A typical example is "abcd====" where the trailing padding is all
extraneous. 

After reading RFC4648, I decided that we should implement the MAY
clauses for MIME base64 decoding.

This patch breaks one existing unit test.

- %% One pad, followed by ignored text
- <<"Hello World">> = base64:mime_decode(<<"SGVsb)(G8gV29ybGQ=apa">>),
+ %% One pad to ignore, followed by more text
+ <<"Hello World!!">> = base64:mime_decode(<<"SGVsb)(G8gV29ybGQ=h IQ= =">>),

In the old test the trailing "apa" text is ignored as it follows a pad
character. RFC4648 states that we MAY ignore pad characters that are followed
by further text by treating them the same as illegal characters.
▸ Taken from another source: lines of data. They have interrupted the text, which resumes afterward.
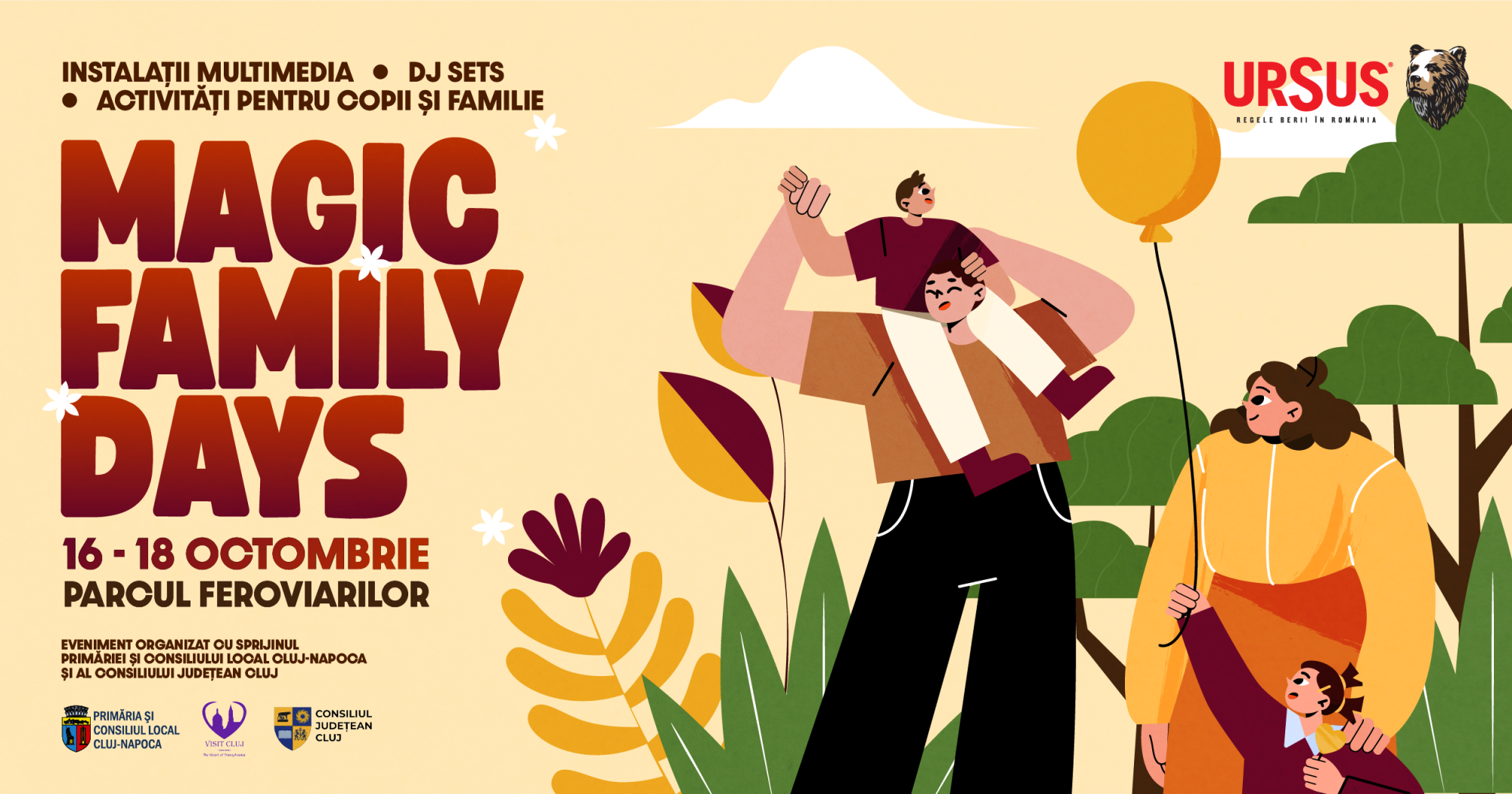 Magic Family Days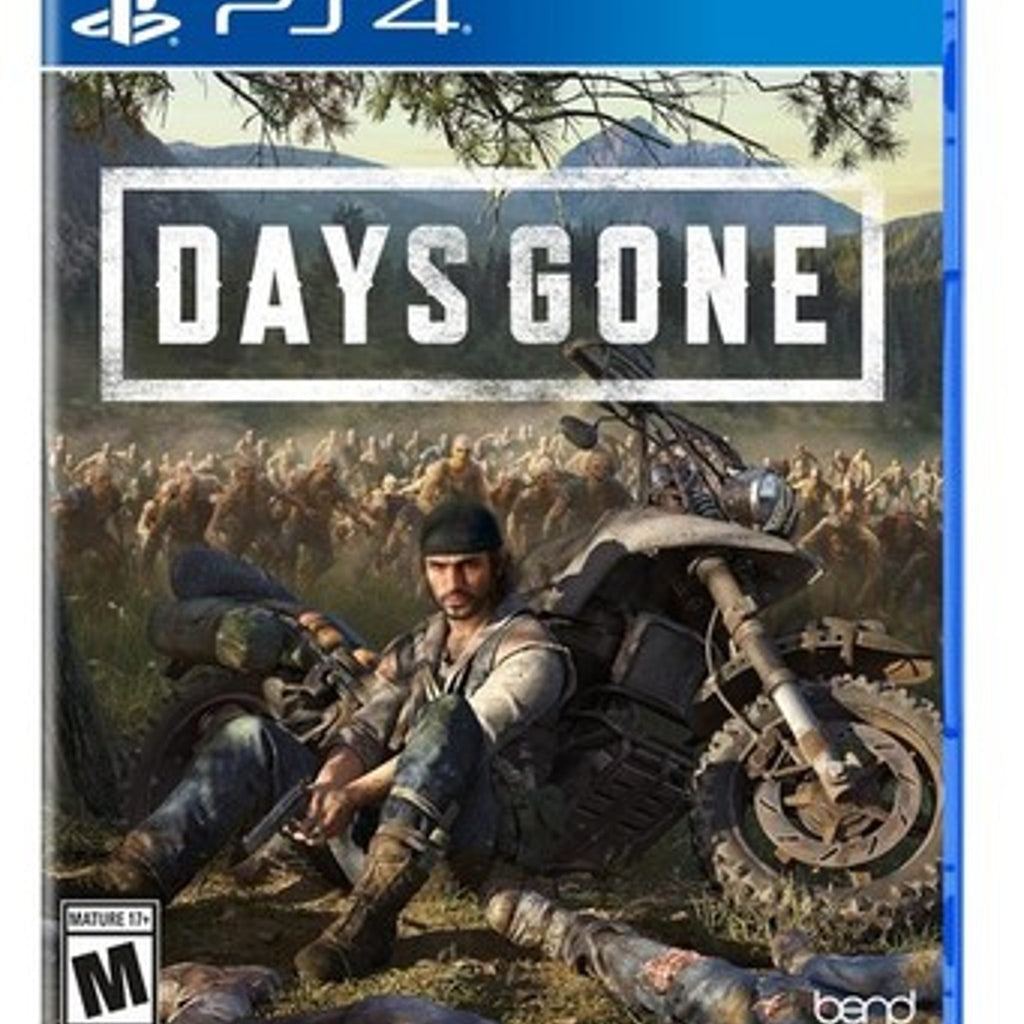 Sony Days Gone - PlayStation 4 Game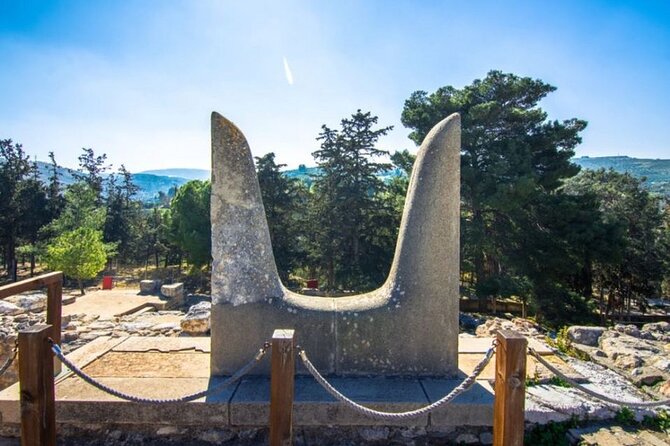 Knossos, Zeus Cave, Winery, Lunch, Special for Cruise Passengers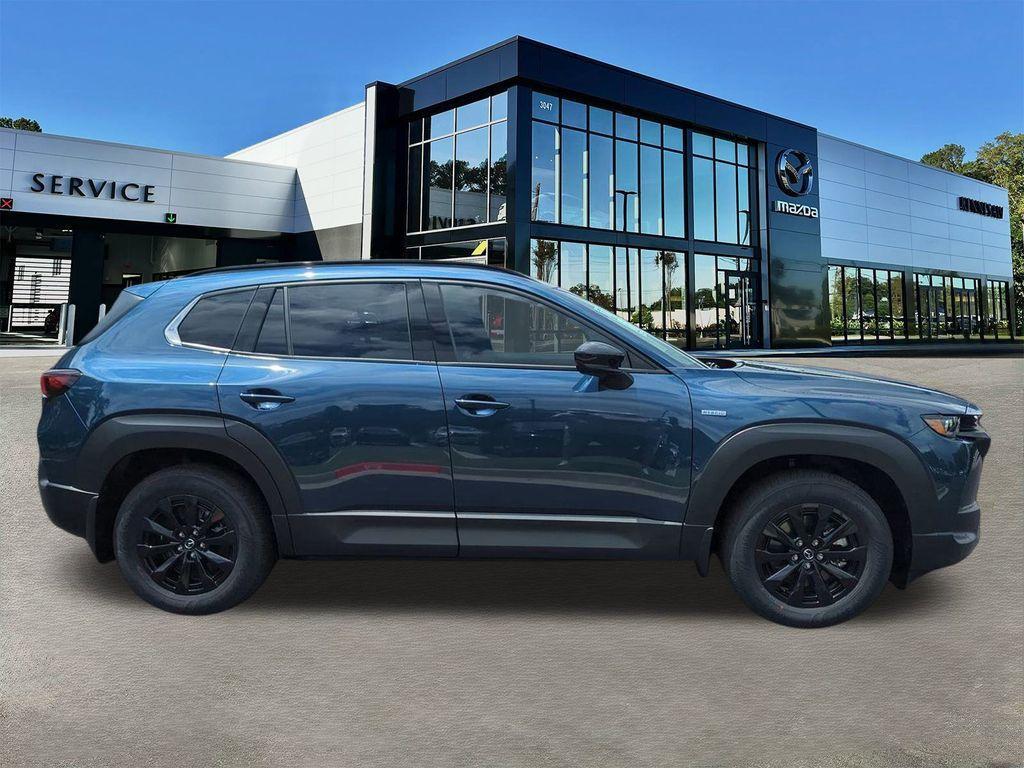 new 2025 Mazda CX-50 Hybrid car, priced at $37,701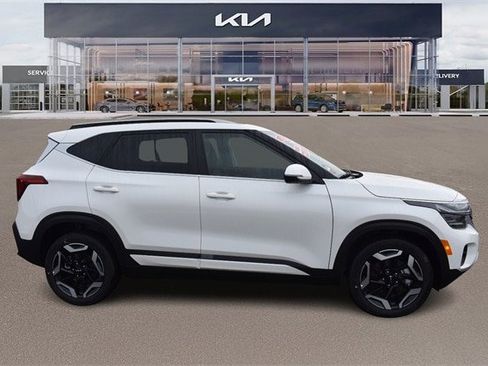 New 2026 Kia Seltos SX w/ SX Sunroof Package image 2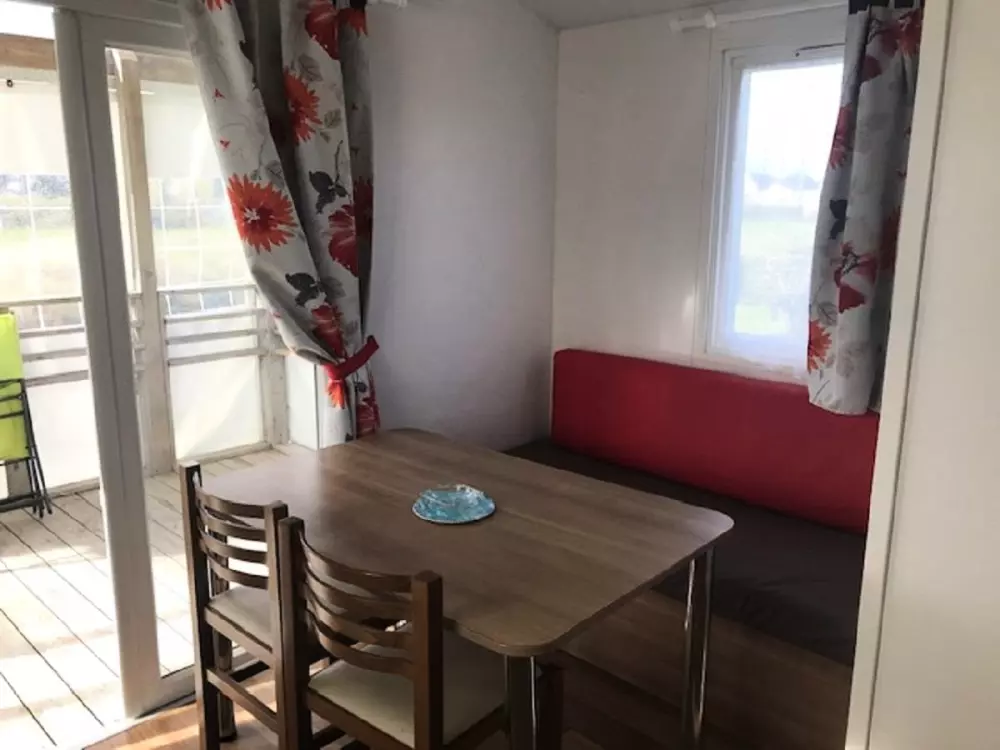 Flower Camping La Pointe du Talud 4 Sterren★★★★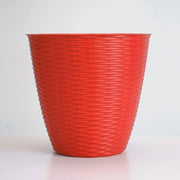 PORTAVASO PAGLIA 19CM CORALLO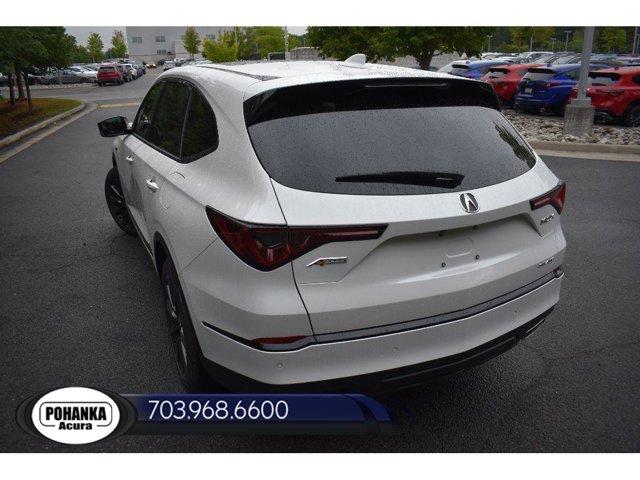 new 2026 Acura MDX car, priced at $64,350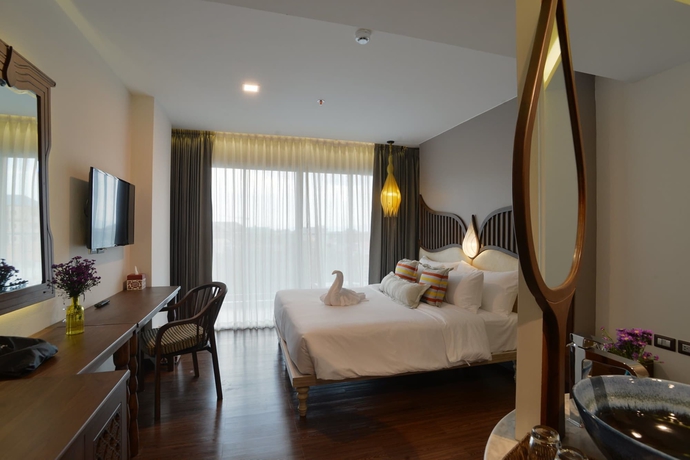 Imagen de la habitación del Hotel Baisirimaya. Foto 9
As such, I
have left the pad as-is and followed it up with the same number of valid 
base64 characters but which decode to something a bit more friendlier and 
added the proper "==" padding to correctly terminate the encoded stream.

Given the new test, the old implementation would still return <<"Hello World">>
without the trailing "!!".

I took the liberty of adding more tests and also added tests for the two
different implementations for mime_decode/1 and mime_decode_to_string/1. All
base64 tests pass currently.

Best regards,

Tom.